Gemäß § 3 Abs. 2 SDG sind in Wien in die vom Präsidenten des Handelsgerichtes Wien geführte Liste die Sachverständigen des Handels, des Gewerbes, der Industrie und sonstiger Wirtschaftszweige einzutragen. Der Beschwerdeführer war unbestrittener Maßen in die Liste der Sachverständigen beim Handelsgericht Wien eingetragen. Nach § 10 Abs. 1 SDG ist die Eigenschaft als allgemein beeideter gerichtlicher Sachverständiger vom Präsidenten des Gerichtshofes erster Instanz zu entziehen. Im vorliegenden Fall hatte also der Präsident des Handelsgerichtes Wien in erster Instanz zu entscheiden. Da aber das Bezirksgericht Donaustadt, bei dem der Bericht des Gerichtskommissärs über die Säumnis des Beschwerdeführers eingelangt war, diesen zur Kenntnisnahme an den Präsidenten des Oberlandesgerichtes Wien weitergeleitet hatte, wurde dieser Bericht richtigerweise an den Präsidenten des Handelsgerichtes Wien als zuständige Behörde übermittelt, wobei die angeführten Gesetzesstellen (§ 3 Abs. 2 und § 10 Abs. 1 SDG) nicht, wie der Beschwerdeführer vermeint, einen Hinweis auf den Inhalt der zu treffenden Erledigung geben, sondern lediglich auf die Zuständigkeit des Präsidenten des Handelsgerichtes Wien in dieser Angelegenheit verweisen sollten.

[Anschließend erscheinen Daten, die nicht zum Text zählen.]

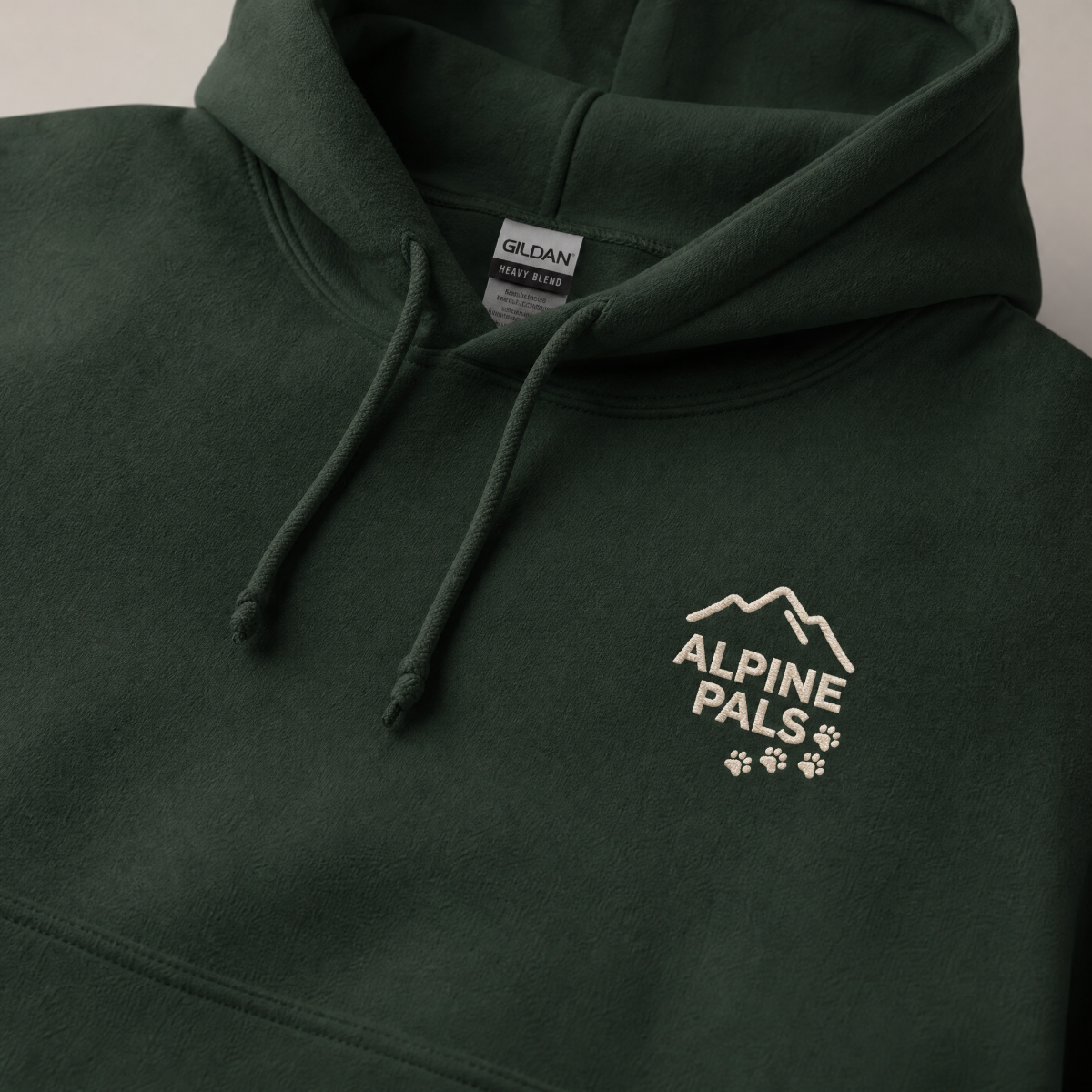 Forest green hoodie with 'Alpine Pals' logo on a neutral background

Durch die Streichung aus der Sachverständigenliste gemäß § 10 Abs. 1 Z. 3 SDG wurde der Beschwerdeführer in seinen Rechten daher nicht verletzt. Damit war aber nicht mehr zu prüfen, ob das Nichtreagieren des Beschwerdeführers auf Urgenzen für sich alleine den Tatbestand des § 10 Abs. 1 Z. 1 SDG iVm § 2 Abs. 2 Z. 1 lit. e leg.cit. erfüllt hat. Die Beschwerde war gemäß § 42 Abs. 1 VwGG als unbegründet abzuweisen.

Der Spruch über den Aufwandersatz gründet sich auf die §§ 47 ff VwGG in Verbindung mit der Verordnung BGBl. Nr. 416/1994.